According to the district profile for Community Board 4, of which Highbridge is a part, nearly half of the area’s residents are black and a third are under 18.

“We’re trying to educate kids, lawmakers, parents and teachers of tobacco’s practice of targeting youth,” said Sheelah Feinberg, director of the New York City Coalition For a Smoke-Free City.

Feinberg said that 90 percent of adult smokers started when they were teens, an age group that is particularly susceptible to advertisements.

“When you’re a young kid and you go to the store to buy gum or water, when you go to make that purchase, you’re bombarded by ads,” Feinberg said, pointing out that many of the power wall advertisements are located at kids’ eye-level.

“For us, the big concern is that the tobacco industry is always going after the next generation,” she said.

Rios believes that unless lawmakers halt point-of-sale advertisements, young people will continue to be vulnerable to ads because vendors will continue to put them up.
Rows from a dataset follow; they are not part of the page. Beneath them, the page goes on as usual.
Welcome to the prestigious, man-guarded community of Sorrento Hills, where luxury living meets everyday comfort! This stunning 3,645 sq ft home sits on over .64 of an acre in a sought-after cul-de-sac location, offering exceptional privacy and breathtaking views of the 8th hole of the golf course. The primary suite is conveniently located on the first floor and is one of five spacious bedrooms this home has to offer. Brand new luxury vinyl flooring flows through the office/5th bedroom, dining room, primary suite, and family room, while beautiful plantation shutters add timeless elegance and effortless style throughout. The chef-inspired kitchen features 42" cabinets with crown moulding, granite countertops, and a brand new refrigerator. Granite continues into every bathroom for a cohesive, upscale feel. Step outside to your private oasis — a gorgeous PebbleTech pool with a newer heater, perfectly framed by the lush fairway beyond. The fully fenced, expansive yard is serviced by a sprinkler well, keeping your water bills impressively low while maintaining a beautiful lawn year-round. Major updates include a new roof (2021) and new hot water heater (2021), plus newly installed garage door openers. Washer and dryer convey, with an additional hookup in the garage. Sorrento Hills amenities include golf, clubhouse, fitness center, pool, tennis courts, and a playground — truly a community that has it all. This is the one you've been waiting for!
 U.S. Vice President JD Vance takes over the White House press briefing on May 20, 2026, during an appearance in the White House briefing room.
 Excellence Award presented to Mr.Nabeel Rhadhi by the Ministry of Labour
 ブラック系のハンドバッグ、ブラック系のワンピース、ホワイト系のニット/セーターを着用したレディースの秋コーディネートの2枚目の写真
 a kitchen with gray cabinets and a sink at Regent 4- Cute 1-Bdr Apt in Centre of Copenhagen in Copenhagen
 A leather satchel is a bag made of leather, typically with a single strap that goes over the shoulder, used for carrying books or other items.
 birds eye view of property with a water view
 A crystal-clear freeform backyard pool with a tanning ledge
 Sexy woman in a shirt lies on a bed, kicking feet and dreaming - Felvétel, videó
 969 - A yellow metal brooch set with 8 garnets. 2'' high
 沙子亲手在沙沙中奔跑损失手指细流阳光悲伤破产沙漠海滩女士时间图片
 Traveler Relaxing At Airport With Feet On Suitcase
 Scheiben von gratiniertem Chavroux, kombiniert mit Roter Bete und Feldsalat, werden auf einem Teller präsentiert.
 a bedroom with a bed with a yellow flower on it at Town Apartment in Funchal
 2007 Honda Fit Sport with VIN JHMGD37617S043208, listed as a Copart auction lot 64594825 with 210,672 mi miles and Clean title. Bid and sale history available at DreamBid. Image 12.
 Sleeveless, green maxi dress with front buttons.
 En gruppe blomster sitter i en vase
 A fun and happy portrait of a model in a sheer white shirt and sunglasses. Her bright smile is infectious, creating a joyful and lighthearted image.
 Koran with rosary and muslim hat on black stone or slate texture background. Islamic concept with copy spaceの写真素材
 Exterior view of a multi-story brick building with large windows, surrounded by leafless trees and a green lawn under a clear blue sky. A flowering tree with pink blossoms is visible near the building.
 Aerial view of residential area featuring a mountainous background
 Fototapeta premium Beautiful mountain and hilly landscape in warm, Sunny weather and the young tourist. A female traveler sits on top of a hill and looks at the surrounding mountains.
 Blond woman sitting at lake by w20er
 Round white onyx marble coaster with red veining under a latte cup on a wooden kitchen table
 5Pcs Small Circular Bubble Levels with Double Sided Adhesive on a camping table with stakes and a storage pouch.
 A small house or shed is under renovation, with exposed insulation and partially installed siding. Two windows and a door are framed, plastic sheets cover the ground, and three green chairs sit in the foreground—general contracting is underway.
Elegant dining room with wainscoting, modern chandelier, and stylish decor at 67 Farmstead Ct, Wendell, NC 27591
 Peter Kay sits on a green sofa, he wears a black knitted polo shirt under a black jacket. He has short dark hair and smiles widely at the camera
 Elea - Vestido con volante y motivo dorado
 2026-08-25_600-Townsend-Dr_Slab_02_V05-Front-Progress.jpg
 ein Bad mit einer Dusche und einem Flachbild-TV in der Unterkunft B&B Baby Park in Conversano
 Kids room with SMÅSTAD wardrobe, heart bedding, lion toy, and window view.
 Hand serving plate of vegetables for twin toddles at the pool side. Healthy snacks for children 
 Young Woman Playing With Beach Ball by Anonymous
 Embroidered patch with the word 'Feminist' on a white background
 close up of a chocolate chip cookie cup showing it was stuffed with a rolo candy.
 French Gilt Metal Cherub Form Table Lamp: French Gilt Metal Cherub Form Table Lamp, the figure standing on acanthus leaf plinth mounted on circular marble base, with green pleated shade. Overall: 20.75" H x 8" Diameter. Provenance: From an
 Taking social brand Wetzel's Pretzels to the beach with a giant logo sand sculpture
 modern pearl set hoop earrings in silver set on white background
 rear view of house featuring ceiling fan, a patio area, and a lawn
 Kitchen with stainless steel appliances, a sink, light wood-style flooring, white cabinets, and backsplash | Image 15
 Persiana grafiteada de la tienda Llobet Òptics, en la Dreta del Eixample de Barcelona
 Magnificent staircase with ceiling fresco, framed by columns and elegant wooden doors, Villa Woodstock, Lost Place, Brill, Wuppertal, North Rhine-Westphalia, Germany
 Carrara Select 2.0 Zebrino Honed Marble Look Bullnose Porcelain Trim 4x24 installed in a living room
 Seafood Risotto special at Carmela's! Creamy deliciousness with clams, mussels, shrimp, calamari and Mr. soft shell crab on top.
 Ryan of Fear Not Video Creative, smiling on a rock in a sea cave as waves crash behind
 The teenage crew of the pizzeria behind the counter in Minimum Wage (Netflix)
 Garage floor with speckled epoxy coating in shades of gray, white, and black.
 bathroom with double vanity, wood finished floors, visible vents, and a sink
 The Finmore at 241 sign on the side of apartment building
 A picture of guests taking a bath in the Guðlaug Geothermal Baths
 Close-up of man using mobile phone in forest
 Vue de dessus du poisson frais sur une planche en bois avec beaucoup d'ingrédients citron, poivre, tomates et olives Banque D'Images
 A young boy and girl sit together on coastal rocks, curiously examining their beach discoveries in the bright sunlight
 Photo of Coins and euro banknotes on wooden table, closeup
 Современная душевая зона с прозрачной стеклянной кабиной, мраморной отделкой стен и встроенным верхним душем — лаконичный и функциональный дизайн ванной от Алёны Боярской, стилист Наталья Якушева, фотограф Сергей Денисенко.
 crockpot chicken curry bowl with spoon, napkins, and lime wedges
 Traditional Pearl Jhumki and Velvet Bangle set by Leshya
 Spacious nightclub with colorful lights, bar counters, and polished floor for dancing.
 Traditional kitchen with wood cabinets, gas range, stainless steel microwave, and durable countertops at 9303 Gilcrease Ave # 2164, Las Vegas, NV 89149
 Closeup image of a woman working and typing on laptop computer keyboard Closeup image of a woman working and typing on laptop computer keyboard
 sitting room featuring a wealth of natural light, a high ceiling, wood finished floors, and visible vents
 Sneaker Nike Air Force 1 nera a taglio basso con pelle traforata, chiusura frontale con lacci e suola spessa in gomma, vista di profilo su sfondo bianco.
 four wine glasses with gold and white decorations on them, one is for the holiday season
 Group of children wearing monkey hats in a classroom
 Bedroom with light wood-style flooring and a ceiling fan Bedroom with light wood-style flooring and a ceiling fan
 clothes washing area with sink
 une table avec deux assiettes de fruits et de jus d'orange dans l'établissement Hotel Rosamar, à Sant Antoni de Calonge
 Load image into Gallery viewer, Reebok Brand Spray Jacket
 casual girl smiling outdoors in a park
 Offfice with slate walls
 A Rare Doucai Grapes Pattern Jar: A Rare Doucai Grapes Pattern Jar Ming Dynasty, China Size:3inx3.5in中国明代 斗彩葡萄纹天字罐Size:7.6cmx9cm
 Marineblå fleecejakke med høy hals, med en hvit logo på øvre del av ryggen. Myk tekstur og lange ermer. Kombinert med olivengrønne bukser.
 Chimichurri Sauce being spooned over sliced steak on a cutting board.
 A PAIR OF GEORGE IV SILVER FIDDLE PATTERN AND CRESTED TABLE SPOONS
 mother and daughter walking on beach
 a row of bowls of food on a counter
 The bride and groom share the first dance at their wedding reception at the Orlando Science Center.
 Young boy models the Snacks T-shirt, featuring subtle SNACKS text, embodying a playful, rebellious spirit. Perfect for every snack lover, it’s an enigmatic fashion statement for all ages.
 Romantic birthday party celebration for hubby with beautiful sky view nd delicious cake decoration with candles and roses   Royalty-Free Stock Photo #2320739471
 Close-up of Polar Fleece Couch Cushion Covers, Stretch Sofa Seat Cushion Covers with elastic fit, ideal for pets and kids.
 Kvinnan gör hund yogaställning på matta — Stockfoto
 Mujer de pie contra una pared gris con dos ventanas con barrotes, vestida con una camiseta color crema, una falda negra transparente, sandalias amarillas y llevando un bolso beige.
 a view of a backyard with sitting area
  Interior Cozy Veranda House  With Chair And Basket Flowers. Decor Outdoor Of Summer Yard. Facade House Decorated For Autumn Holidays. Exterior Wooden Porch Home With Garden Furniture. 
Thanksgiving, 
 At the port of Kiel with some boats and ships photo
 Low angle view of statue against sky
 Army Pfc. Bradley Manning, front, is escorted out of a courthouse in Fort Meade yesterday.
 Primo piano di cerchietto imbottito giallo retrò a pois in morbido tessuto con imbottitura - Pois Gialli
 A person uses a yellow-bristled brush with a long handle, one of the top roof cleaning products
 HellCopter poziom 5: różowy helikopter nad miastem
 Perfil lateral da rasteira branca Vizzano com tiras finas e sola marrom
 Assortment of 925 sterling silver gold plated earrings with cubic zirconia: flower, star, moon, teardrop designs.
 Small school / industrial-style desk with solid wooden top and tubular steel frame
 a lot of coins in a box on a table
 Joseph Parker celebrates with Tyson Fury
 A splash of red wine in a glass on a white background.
Vendors receive discounts on their cigarettes depending on the prominence of their stores’ advertisements, according to Rios.

After multiple calls, voice mails and emails to local and national representatives at Lorillard Tobacco Company, which produces menthol Newport cigarettes, no one at the company would comment.

The effectiveness of smoking advertising is difficult to measure since it would require exposing a large number of people to long-term cigarette advertising.  Tobacco companies usually contend that advertisement is not to attract new smokers but to broaden market share for a certain brand.

The Bronx Ink interviewed several vendors whose buildings featured advertisements. All said they receive a discount on their cigarettes for placing the cigarette advertisements inside and outside their stores.

Jin Kim, manager of K.J.Y. Fruit on Gerard Avenue and 161st Street, said the decision to put up ads is about money.

“This is a business,” Kim said. “We sell cigarettes to make money. I don’t like that, but it’s a business.”

A cashier at the nearby Nadal 3 Deli said he’d be fine with giving up the advertisements. “It’s all good so New Yorkers stop smoking,” he said, adding that those who already smoke will continue to come in with or without the advertisement.